Para peneliti mengesampingkan bencana El Niño global pada tahun 2026

el niño
Foto: el niño - neenawat khenyothaa/Shutterstock.com

Comparações antara kemungkinan El Niño pada tahun 2026 dan episode dahsyat pada tahun 1877 beredar di media sosial sebagai peringatan akan terjadinya bencana global yang akan segera terjadi. Pesquisadores membantah kesetaraan ini. Intensitas pemanasan laut hanyalah salah satu variabel dalam persamaan; Responsivitas masyarakat modern secara drastis mengurangi risiko dampak kemanusiaan berskala besar.

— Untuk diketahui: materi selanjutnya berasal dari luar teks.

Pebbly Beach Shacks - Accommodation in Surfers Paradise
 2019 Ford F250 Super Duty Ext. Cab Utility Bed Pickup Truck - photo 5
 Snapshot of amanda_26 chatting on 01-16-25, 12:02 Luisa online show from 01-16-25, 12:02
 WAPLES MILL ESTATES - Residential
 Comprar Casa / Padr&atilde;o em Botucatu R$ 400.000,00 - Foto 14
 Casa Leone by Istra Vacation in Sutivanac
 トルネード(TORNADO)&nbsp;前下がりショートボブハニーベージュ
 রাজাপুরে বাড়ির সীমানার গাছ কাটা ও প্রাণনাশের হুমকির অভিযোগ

El Niño tahun 1877 terjadi dalam konteks yang sama sekali berbeda dari konteks saat ini. Periode Naquele, tidak ada satelit, model cuaca canggih, atau sistem pemantauan iklim. Masyarakat dikejutkan oleh kekeringan ekstrem, banjir, dan kegagalan panen tanpa adanya peringatan terlebih dahulu. Hoje, ahli meteorologi memantau suhu laut setiap hari dan mampu memprediksi episode El Niño beberapa bulan sebelum konsolidasinya.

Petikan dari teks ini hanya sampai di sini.